Aug 23, 2013, 3:05 PM EDT
On paper, the scenario didn’t look good.
The New Jersey Devils — who finished last year with the third-fewest goals for (110) in the league — watched former 30-goal man David Clarkson sign in Toronto this summer, then had their most prolific sniper, Ilya Kovalchuk, abruptly retire.
Those subtractions alone were reason for pessimism.
In response, Devils GM Lou Lamoriello took an interesting approach to solving those offensive woes — he went targeted older, bigger and more experienced players.
Quite a few of them, actually.
Lamoriello’s biggest splash came by signing Ryane Clowe to a five-year, $24.25 million deal.
Clowe, who turns 31 in September, averaged 20 goals per season from 2008-12.

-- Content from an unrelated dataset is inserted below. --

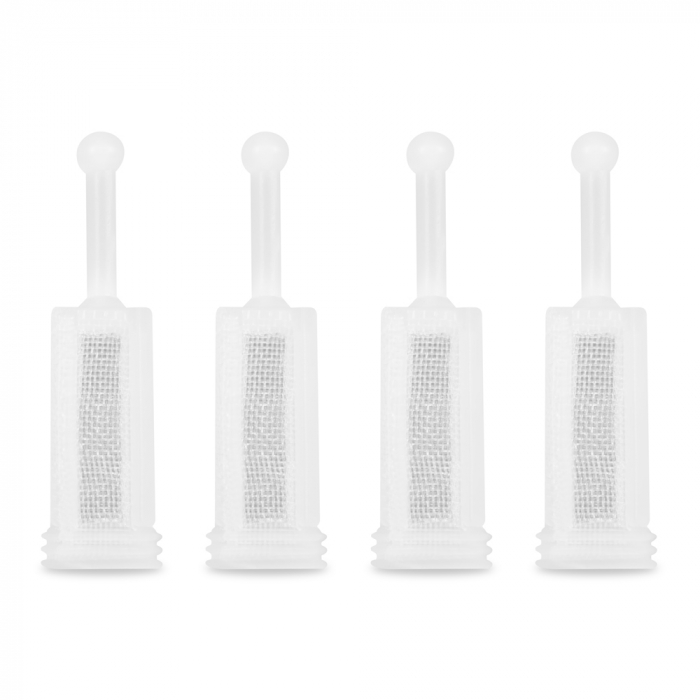 Filtri – 12 pz. | per PRO Pistola a Spruzzo SG504CA main product photo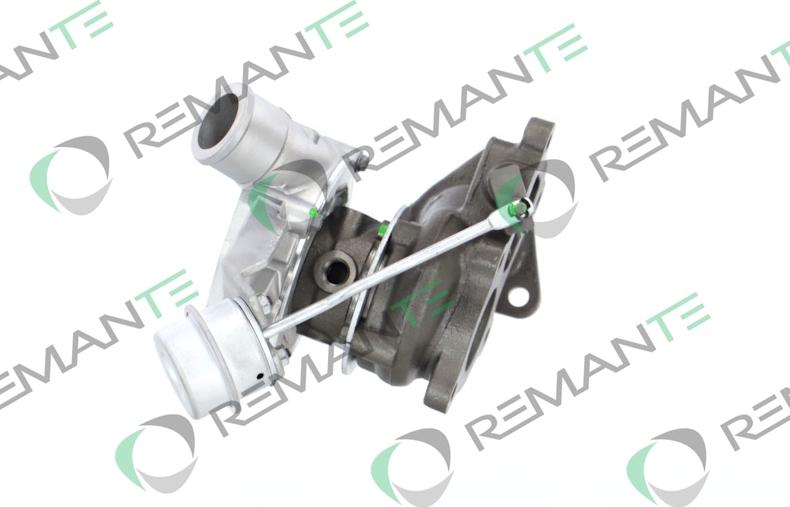 REMANTE 003-001-000062R - Kompresors, Turbopūte autospares.lv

The savviest move might’ve been inking 33-year-old Michael Ryder to a two-year, $7 million pact. Though he’s been cast aside a few times in his career, Ryder’s goalscoring ability cannot be denied — he had 16 in 48 games last year and 35 in 82 games two seasons ago.
Lamoreillo’s most publicized move, though, was inking Jaromir Jagr.
Jagr, 41, is still producing at a clip most players would envy. His 35 points last year would’ve put him second on the Devils, one shy of Patrik Elias‘ team-leading 36 — and that came during a season in which Jagr estimates he played over 100 games all told.
The Jagr deal — bringing on the NHL’s second-oldest skater — embodied New Jersey’s overall offseason approach, as Lamoriello also re-upped with 35-year-old Dainius Zubrus and 37-year-old Elias, giving the Devils a forward makeup filled with veterans. Of the club’s “top 12” forwards, only Adam Henrique and Andrei Loktionov are under the age of 28.
But the question remains: Can relying so heavily on bigger, older players work in the current NHL?
According Lamoriello, experience teamed with the size (Clowe, Jagr and Zubrus are all at least 6-foot-2 and 225 pounds) should work just fine.
“We like our team right now,” he told the Associated Press. “Certainly our goaltending is improved. Our defence is improved because of the experience of the young guys and up front we are going to be a four-line team.
“We have power-play people and penalty killers. This will be one of the bigger teams we’ve had.”